Profile | Paris Olympics: who is Cheung Ka-long? Stunning rise of Hong Kong’s double gold medallist
- The first man to retain an Olympic foil title in 68 years, he has come a long way since joining his first fencing class in Hong Kong aged 10
Only two men’s foil fencers had successfully defended their Olympic throne before Hong Kong’s Cheung Ka-long managed it at Paris’ Grand Palais on Monday.

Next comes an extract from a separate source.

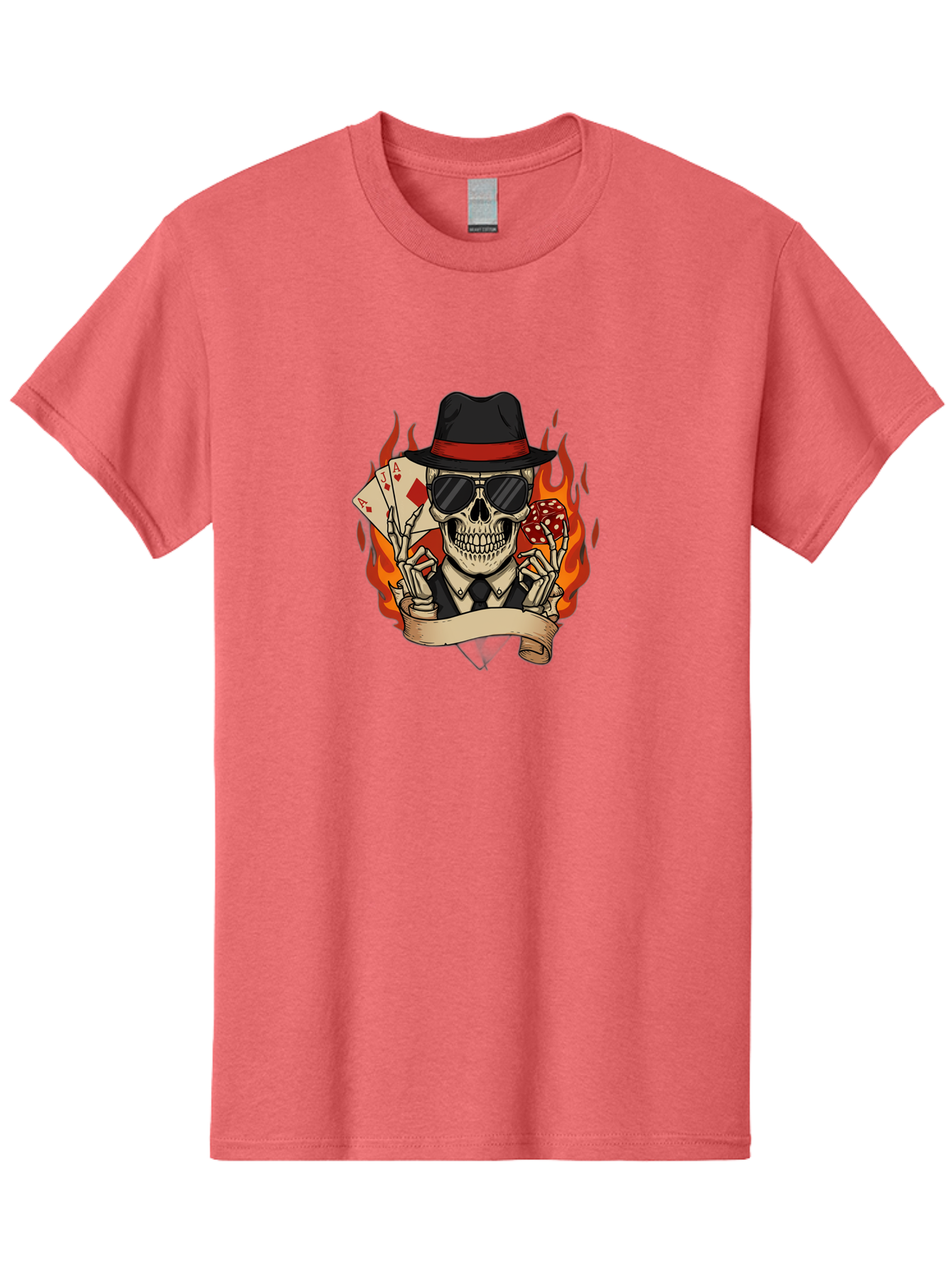Skeleton-Card-Player Men'S Graphic Tee, 100% Cotton, Comfortable Casual Summer Wear, Machine Washable, Skeleton In Suit And Hat, Playing Cards, Sunglasses, Skull, Poker Face, Flames, Banner, Red Mushroom, Gambler, Red Diamonds Bad569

France’s Christian d’Oriola had been the previous one to do it, claiming his second in Melbourne in 1956 four years after winning in Helsinki. Before that, you had to go right back to Nedo Nadi of Italy winning in Stockholm in 1912 then defending it eight years later in Antwerp, with the 1916 Games in Berlin cancelled because of the first world war.
No one did it in a shorter time span than Cheung. Thanks to the coronavirus pandemic delaying the Tokyo Games to 2021, the Hongkonger’s two gold medals came 1,100 days apart.
Three years on, Cheung, now 27, has remained largely his same introverted and softly spoken self, but he arrived at these Games with many more medals around his neck.
From becoming Asian champion aged 18 to winning Hong Kong’s first fencing World Cup medal in St-Petersburg a year later, left-hander Cheung has more than doubled his medal tally since that historic gold in Japan.